Out 2 indicates a "group 3/4/5" opcode, an instruction where the second byte specifies the particular instruction, and thus decoding needs to wait for the second byte. This controls the loading of the microcode address register.

Out 3 indicates an instruction prefix (segment, LOCK, or REP). This causes the next byte to be decoded as a new instruction, while blocking interrupt handling.

Out 4 indicates (inverted) a two-byte ROM instruction (2BR), i.e. an instruction is handled by the microcode ROM, but requires the second byte for decoding. This is an instruction with a Mod R/M byte. This signal controls the loader indicating that it needs to fetch the second byte. This signal is almost the same as output 1 with a few differences.

Out 5 specifies the top bit for an ALU operation. The 8086 uses a 5-bit field to specify an ALU operation. If not specified explicitly by the microcode, the field uses bits 5 through 3 of the opcode. (These bits distinguish, say, an ADD instruction from AND or SUB.) This control line sets the top bit of the ALU field for instructions such as DAA, DAS, AAA, AAS, INC, and DEC that fall into a different set from the "regular" ALU instructions.

Out 6 indicates an instruction that sets or clears a condition code directly: CLC, STC, CLI, STI, CLD, or STD (but not CMC). This signal is used by the flag circuitry to update the condition code.

Out 7 indicates an instruction that uses the AL or AX register, depending on the instruction's size bit. (For instance MOVSB vs MOVSW.) This signal is used by the register selection circuitry, the M register specifically.

Out 8 indicates a MOV instruction that uses a segment register. This signal is used by the register selection circuitry, the N register specifically.

Out 9 indicates the instruction has a d bit, where bit 1 of the instruction swaps the source and destination. This signal is used by the register selection circuitry, swapping the roles of the M and N registers according to the d bit.

Out 10 indicates a one-byte logic (1BL) instruction, a one-byte instruction that is implemented in logic, not microcode. These instructions are the prefixes, HLT, and the condition-code instructions. This signal controls the loader, causing it to move to the next instruction.

Out 11 indicates instructions where bit 0 is the byte/word indicator. This signal controls the register handling and the ALU functionality.

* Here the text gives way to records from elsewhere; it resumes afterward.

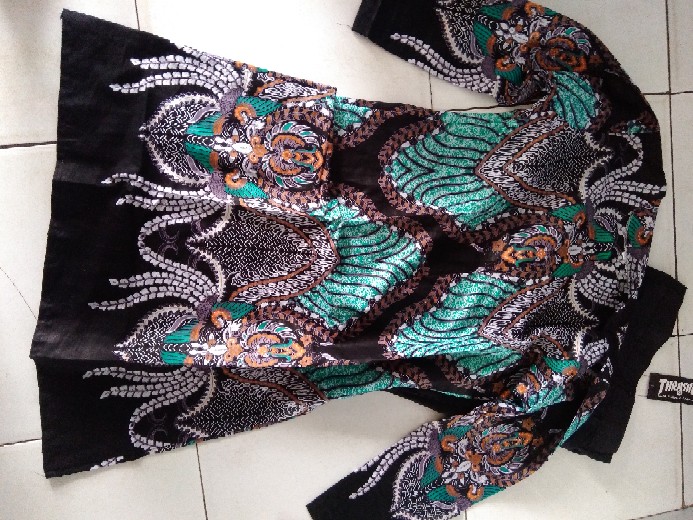 Batik Couple_maora Sania Ruffle Batik Couple Ori Ndoro Jowi Dnt Garansi Termurah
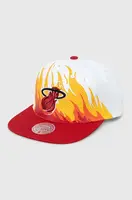 Bavlněná baseballová čepice Mitchell&Ness MIAMI HEAT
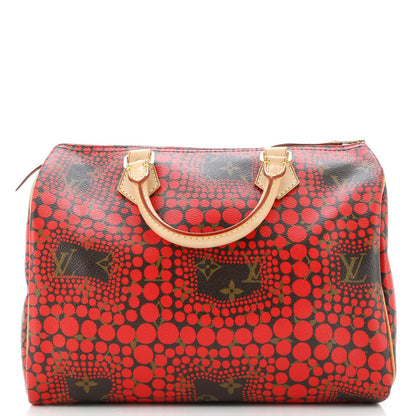 Louis Vuitton Speedy Handbag Limited Edition Kusama Town Monogram Canvas 30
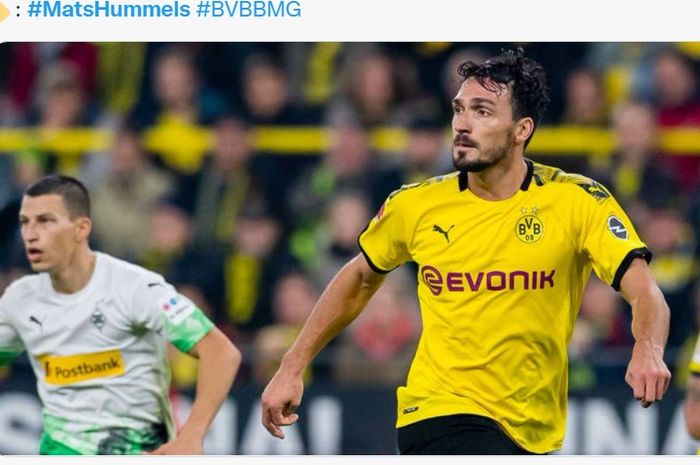 Pemain Borussia Dortmund, Mats Hummels. 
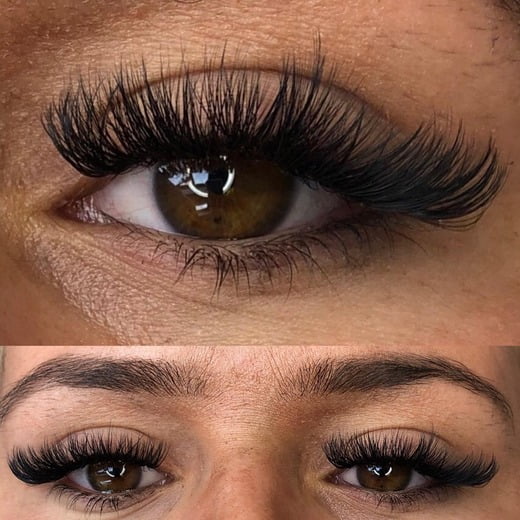 Hybrid Eyelash Extensions Portsmouth Virtual Lashes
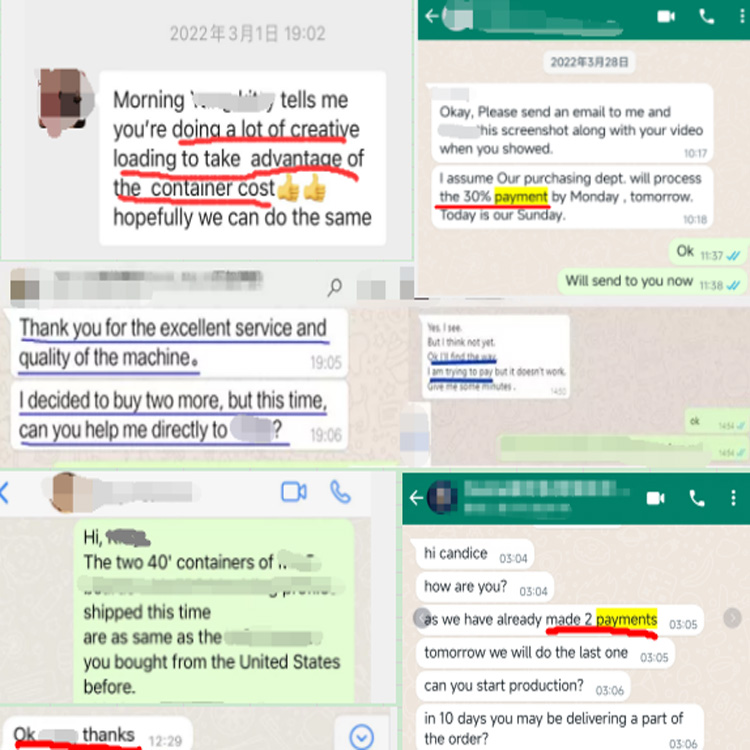 BL documents and customer feedback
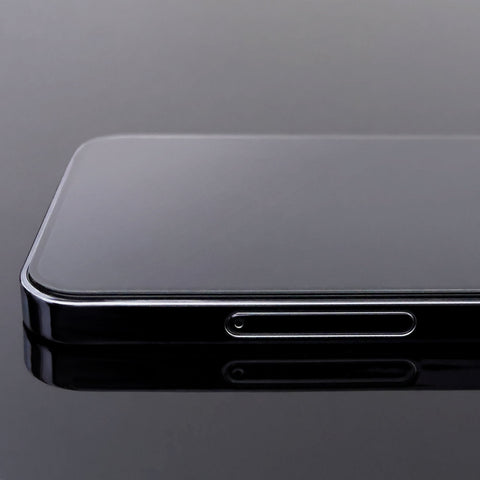 9H kaljeno zaščitno steklo za iPhone 15, Črn rob, Full Glue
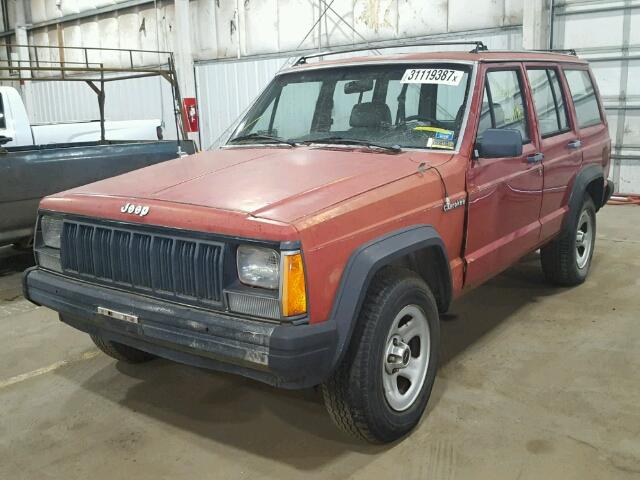 1J4FT28L8LL287855 - 1990 JEEP CHEROKEE RED photo 2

Out 12 indicates an instruction that operates only on a byte: DAA, DAS, AAA, AAS, AAM, AAD, and XLAT. This signal operates in conjunction with the previous output to select a byte versus word.

Out 13 forces the instruction to use a byte argument if instruction bit 1 is set, overriding the regular byte/word pattern. Specifically, it forces the L8 (length 8 bits) condition for the JMP direct-within-segment and the ALU instructions that are immediate with sign extension (details).

Out 14 allows a carry update. This prevents the carry from being updated by the INC and DEC operations. This signal is used by the flag circuitry.

Columns

Most of the Group Decode ROM's column signals are used to derive the outputs listed above. However, some column outputs are also used as control signals directly. These are listed below.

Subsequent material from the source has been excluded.